L’art. 8. Interdisant de former des unions
au delà des limites d’un département serait, comme on l’a
dit, la mort sans phrases pour nos églises, si la vie ou la mort
de celles-ci dépendait, en dernière instance, d’un pouvoir
humain quelconque. Cet article gênera peu les Églises romaines
qui ont toujours leur centre à Rome. Pour nous, on nous fait expier
durement deux choses qui devraient être des mérites aux yeux
de la France républicaine : 1° nous sommes une république
et non une monarchie ; 2° nous ne dépendons pas d’un pouvoir
étranger. A cause de cela, nos églises n’auraient plus d’unité,
plus de représentation commune, plus de lien entre elles ! Cela
n’est pas possible. L’amendement de M. Georges Berger (Siècle du
20 nov.), qui admet une organisation régionale des Églises
protestantes serait un palliatif suffisant.
Nous sommes et nous resterons la famille réformée.

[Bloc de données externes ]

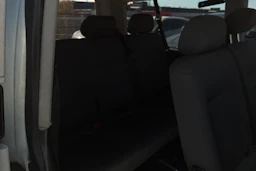 harmaa Volkswagen Caravelle 2006 kuva 21.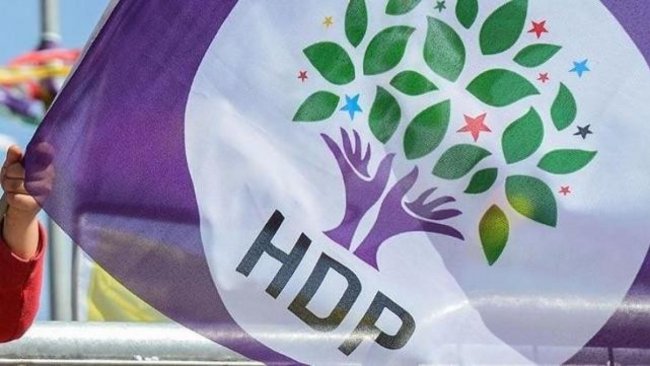 HDP: Kürtler ne ettir ne tırnaktır, Kürtler bir halktır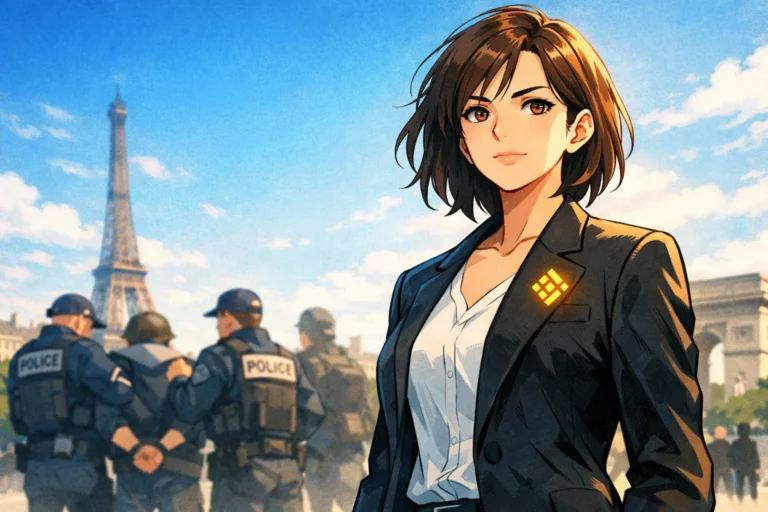 何一回應「幣安法國 CEO 遭入室搶劫」事件：當事人及其家人安全無虞、3 嫌犯落網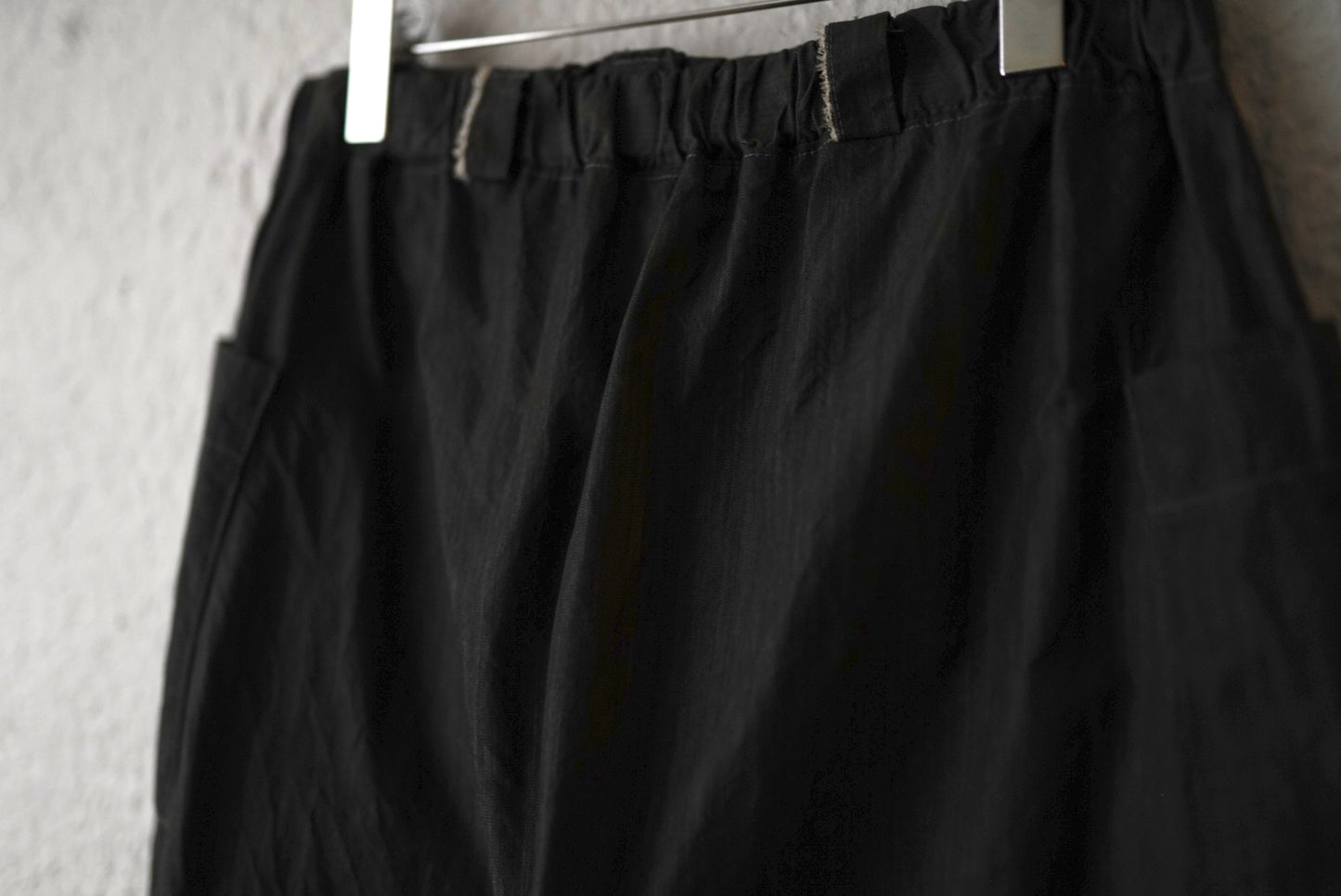 25SS ナイロンイージーパンツ / ware(ウェアー)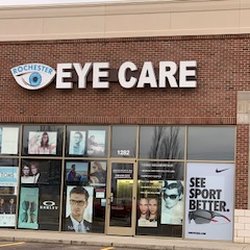 Weingarten Mark, MD - Rochester Eye Care - Great facility with professional and friendly staff!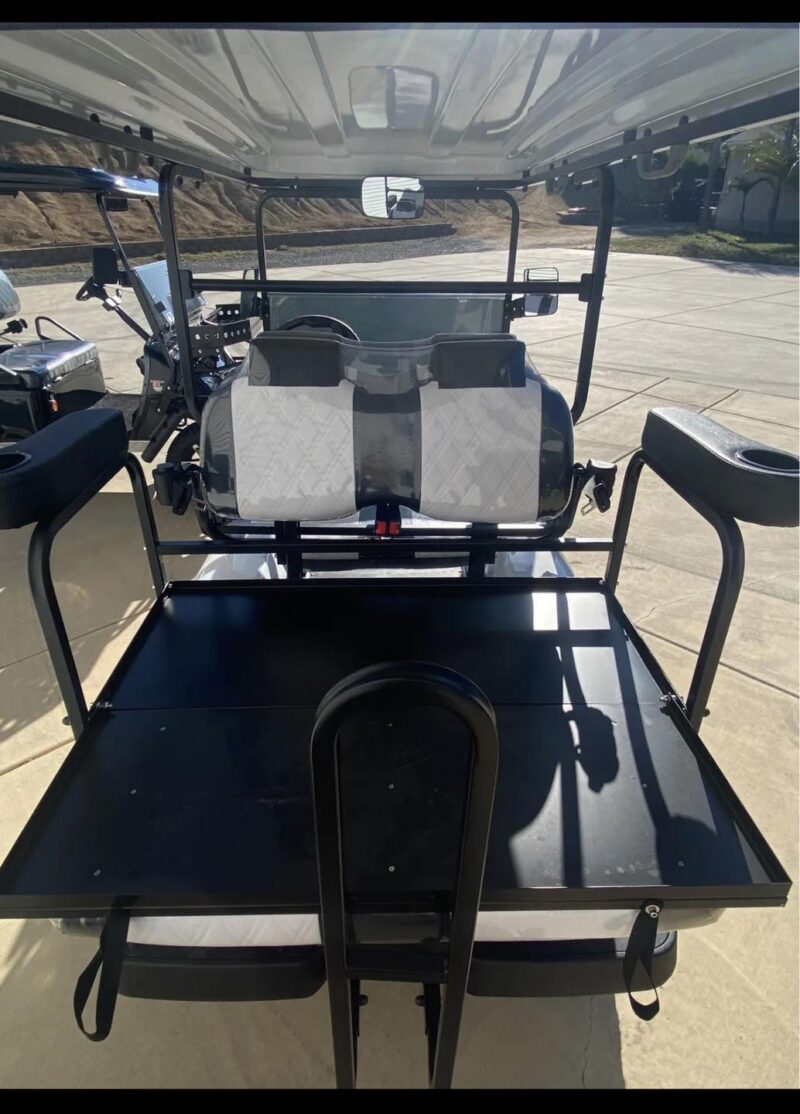 2023 Dynamic Enforcer Golf Cart - Image 8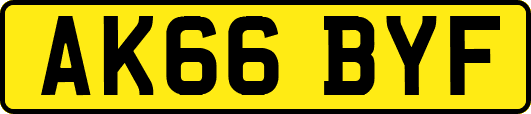 AK66BYF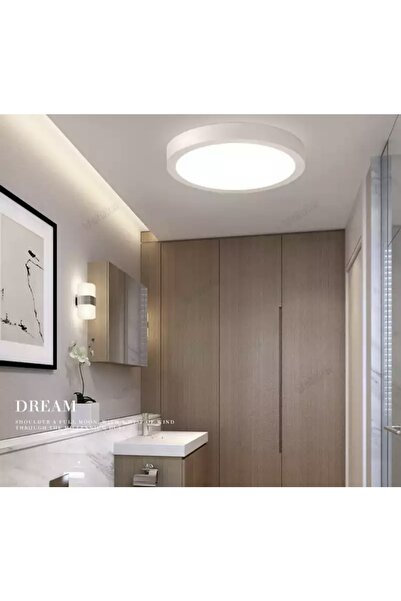 Fico Home Tavana Sıfır Plafonyer Panel Led Avize Gün Işığı Uzun Ömürlü 1.sınıf Led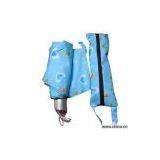 Sell 21 x 8k Three-Fold Aluminum Hand Open Umbrella With Bag thumbnail-1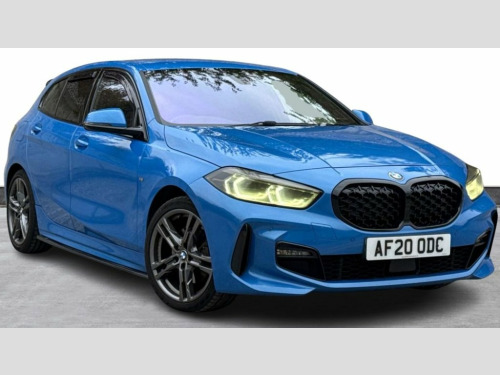 BMW 1 Series  1.5 116d M Sport Hatchback 5dr Diesel Manual Euro 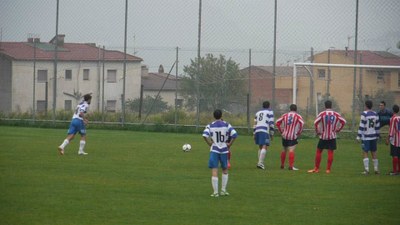 CF Organyà-Agramunt 2014-2015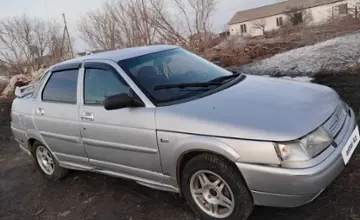 LADA (ВАЗ) 2110 2002 года за 1 300 000 тг. в Астана фото 2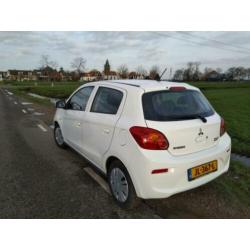 Mitsubishi Space Star 1.0 Mivec 71PK 2016 Wit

On ne peut pas condamner une famille à laisser mourir de faim l’un
des siens parce qu’il n’habite pas le même département qu’elle
ou la même province. De même, on ne réussira pas à
nous empêcher de soutenir et d’assister, matériellement et
spirituellement, les membres pauvres, faibles et dispersés de notre
famille religieuse. Royer-Collard disait, - je crois que c’est à
propos de la loi du sacrilège - : « Si vous faites cette loi,
je jure de ne pas y obéir ! » Et nous, plutôt que de
consentir à rompre le lien fraternel qui unit nos Églises,
nous encourrons de bon cœur l’amende et la prison.
L’art. 9. Prévoit et permet l’achat,
par les associations, d’immeubles nécessaires à l’exercice
de leur culte. A merveille ! Mais alors, pourquoi les dépouiller
de ceux qu’elles possèdent légitimement ? (je ne parle pas
de ceux qui sont la propriété de État ou des communes.)
L’art. 25. Maintient la direction des cultes.
Cette disposition étonne, puisqu’il n’y aura plus d’administration
à exercer. S’il ne s’agit plus que de mesure de police, il n’y a
pas de raison de créer une police spéciale des cultes.
Je me résume, en affirmant, monsieur
le rédacteur, qu’autant que je puis le savoir, le projet Combes
a fait naître chez tous les protestants français qui ont quelque
souci de leur foi et de leurs libertés, sans exception, une surprise
et une peine qu’il sera difficile d’exonérer.
Veuillez agréer, monsieur, mes respectueuses
salutations.
C. E. Babut
Pasteur à Nîmes, 1, rue Bourdaloue.
*****
Nous parlerons demain d’un rapport dont M.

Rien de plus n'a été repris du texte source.